== Segment start ==
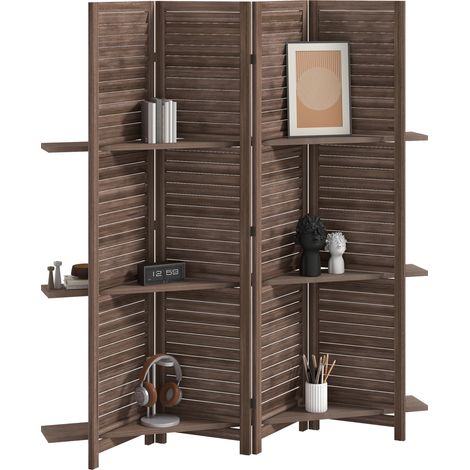 Divisorio in legno a 4 pannelli, 160 x 170 cm, paravento pieghevole con 3 ripiani, noce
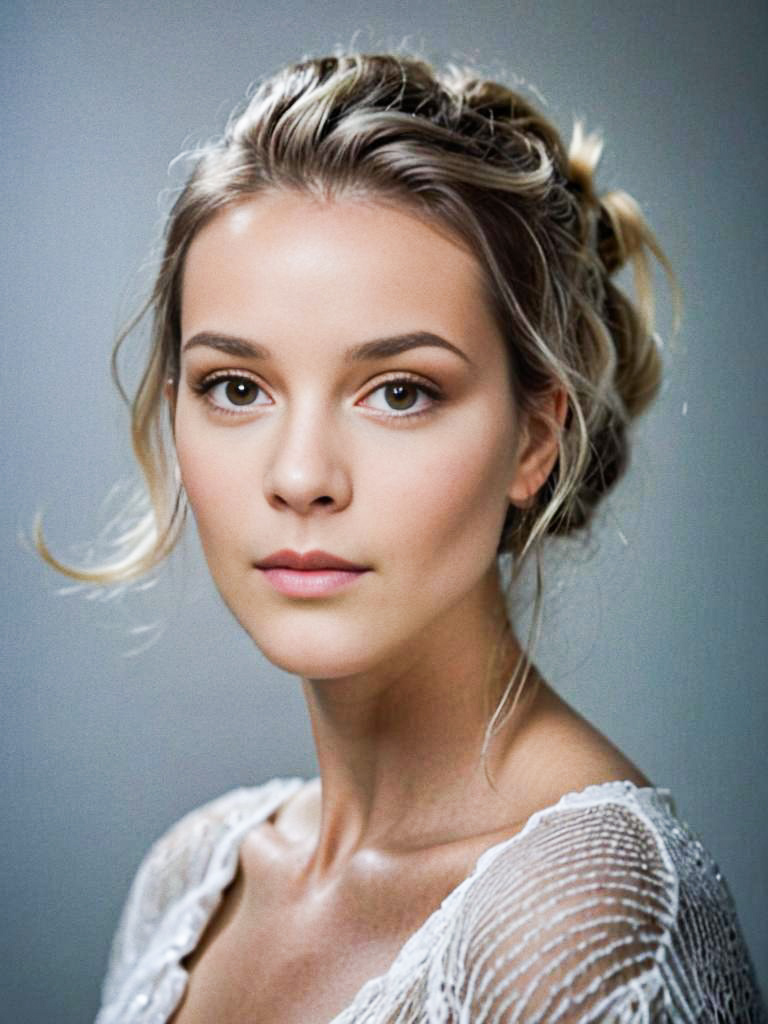 Close-up portrait of a young woman in soft makeup and white dress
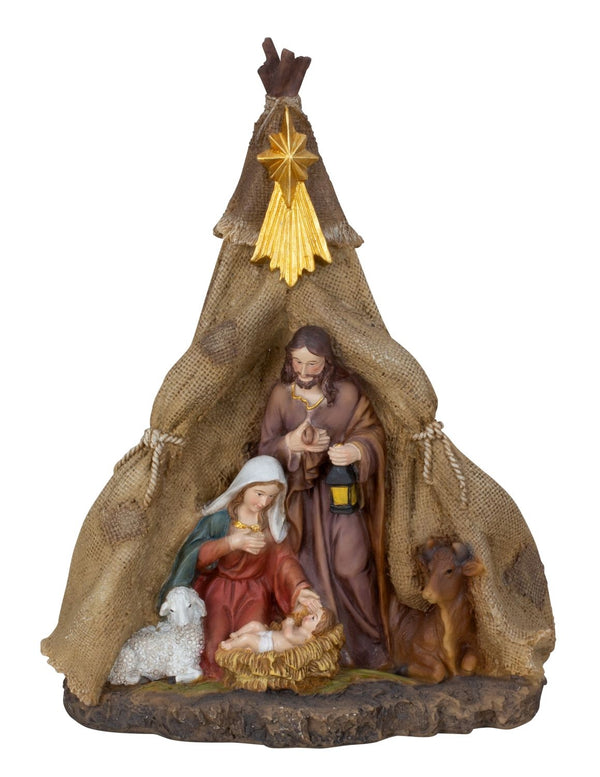 Nativity house with LED lighting 23cm polyresin Christmas decoration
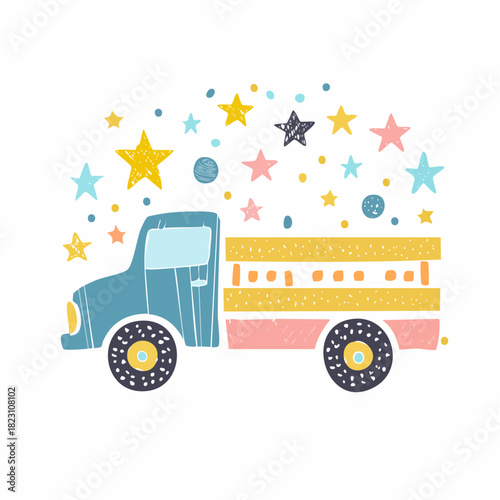 A whimsical blue cartoon truck carrying a load of colorful stars and dots, illustrated in a playful, textured style.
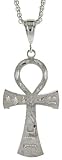 Sterling Silver Ankh Cross Pendant, 2 1/2 in. (63 mm) tall tall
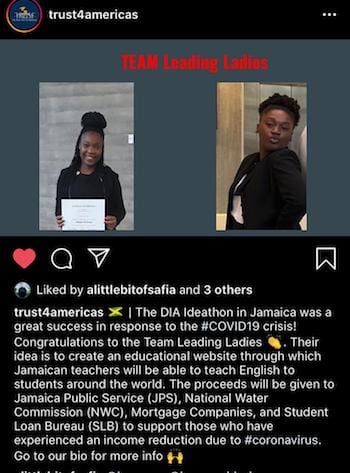 Aaliyah McKenzie (left) and Akielia Willburgh posted to Instagram about their DIA success.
== Segment end ==
What you have to do =
Return only the lines from the one containing "Nativity house with" through the last line of the entries above, exactly as written and without pictures.

Answer box =
 Nativity house with LED lighting 23cm polyresin Christmas decoration
 A whimsical blue cartoon truck carrying a load of colorful stars and dots, illustrated in a playful, textured style.
 Sterling Silver Ankh Cross Pendant, 2 1/2 in. (63 mm) tall tall
 Aaliyah McKenzie (left) and Akielia Willburgh posted to Instagram about their DIA success.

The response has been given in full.